New Jersey Superior Court, Appellate Division

Decided: September 29, 1976.


Carton, Kole and Larner. The opinion of the court was delivered by Kole, J.A.D.


[144 NJSuper Page 40]

In October 1973 Union Community Bank filed an application with the Department of Banking seeking a new bank charter. Hearings on that application were conducted in March and April 1974. Union Center National Bank and Franklin State Bank appeared in opposition to the grant of the charter.

On September 24, 1974 the hearing officer submitted his report, recommending approval of the charter application subject to certain conditions. Two of these conditions are pertinent for the purposes of this appeal.

The first is that the Borinsky family and business associates divest themselves of sufficient shares of stock in the bank so that their "total participation is not in excess of 10% of the outstanding shares," and in no event should any "spin-off result in any individual, family and/or group of business associates owning in excess of 10% of the bank's stock." The hearing officer found that this procedure would be beneficial to the public as well as those financially interested in the success of the bank, and would accord with the consistent position of the Department that it is unwise "in a new bank

[144 NJSuper Page 41]

situation for one individual, one family or one group of business associates to own in excess of 10% of the outstanding shares of the bank." The second condition is the resignation, at his option, of Sanford Borinsky, an officer and director of the Bank of Bloomfield, from either that bank or the proposed bank. See N.J.S.A. 17:9A-3 B.

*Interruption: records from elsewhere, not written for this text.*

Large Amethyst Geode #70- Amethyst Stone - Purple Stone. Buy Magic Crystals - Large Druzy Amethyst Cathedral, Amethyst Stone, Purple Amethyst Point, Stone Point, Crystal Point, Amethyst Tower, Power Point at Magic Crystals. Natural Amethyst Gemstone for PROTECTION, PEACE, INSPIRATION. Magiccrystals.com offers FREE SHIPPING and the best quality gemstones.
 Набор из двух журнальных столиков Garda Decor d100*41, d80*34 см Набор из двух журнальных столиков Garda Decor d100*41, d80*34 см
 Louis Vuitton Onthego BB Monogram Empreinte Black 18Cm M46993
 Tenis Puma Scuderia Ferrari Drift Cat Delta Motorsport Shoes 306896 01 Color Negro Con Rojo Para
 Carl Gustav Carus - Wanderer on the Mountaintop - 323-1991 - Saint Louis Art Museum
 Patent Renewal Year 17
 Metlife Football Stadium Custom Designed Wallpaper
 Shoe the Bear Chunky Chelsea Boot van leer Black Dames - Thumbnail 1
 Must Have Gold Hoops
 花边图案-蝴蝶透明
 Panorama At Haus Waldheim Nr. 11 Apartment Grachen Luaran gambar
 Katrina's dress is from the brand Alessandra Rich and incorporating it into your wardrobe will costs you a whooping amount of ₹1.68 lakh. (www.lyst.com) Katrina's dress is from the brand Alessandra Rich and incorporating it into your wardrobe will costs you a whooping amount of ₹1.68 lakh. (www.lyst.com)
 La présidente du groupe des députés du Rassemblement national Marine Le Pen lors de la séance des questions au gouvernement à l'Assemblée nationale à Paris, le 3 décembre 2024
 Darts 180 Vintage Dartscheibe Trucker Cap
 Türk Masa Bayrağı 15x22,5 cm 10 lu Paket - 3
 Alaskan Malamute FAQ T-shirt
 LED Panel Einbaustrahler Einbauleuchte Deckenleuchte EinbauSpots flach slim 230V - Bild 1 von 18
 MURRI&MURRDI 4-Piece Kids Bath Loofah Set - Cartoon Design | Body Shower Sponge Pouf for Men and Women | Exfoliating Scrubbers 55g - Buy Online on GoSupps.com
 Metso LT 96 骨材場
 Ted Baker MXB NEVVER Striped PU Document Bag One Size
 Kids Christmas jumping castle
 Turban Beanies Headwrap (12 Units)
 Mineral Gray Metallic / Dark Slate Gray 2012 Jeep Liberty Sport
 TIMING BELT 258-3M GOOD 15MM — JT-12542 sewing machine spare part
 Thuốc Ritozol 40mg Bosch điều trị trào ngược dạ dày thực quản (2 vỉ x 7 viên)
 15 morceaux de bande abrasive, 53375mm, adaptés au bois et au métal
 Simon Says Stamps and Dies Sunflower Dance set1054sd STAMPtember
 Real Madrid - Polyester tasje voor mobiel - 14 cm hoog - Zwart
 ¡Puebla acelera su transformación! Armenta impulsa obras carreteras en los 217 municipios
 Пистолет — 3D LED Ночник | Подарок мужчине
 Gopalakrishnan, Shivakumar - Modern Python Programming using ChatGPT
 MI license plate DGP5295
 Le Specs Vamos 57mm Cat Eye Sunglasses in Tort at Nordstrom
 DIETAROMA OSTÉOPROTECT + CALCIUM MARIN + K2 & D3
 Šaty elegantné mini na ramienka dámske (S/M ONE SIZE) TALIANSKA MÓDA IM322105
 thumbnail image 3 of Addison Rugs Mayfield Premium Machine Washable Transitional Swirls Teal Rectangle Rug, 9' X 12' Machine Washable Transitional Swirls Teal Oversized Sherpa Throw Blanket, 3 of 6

After a careful consideration of the proofs, and detailed findings predicated thereon, the hearing officer concluded that, subject to the recommended conditions for approval, the requirements of N.J.S.A. 17:9A-11 D for the granting of a bank charter to the applicant had been satisfied. Among other things, he determined that (1) the conditions in the locality in which the proposed bank will transact business afford reasonable promise of successful operation (N.J.S.A. 17:9A-11 D(2)); (2) the directors possess the qualifications, experience and character required for the duties and responsibilities with which they will be charged (N.J.S.A. 17:9A-11 D(3)), and (3) the interest of the public will be served to advantage by the establishment of the proposed bank (N.J.S.A. 17:9A-11 D(1)).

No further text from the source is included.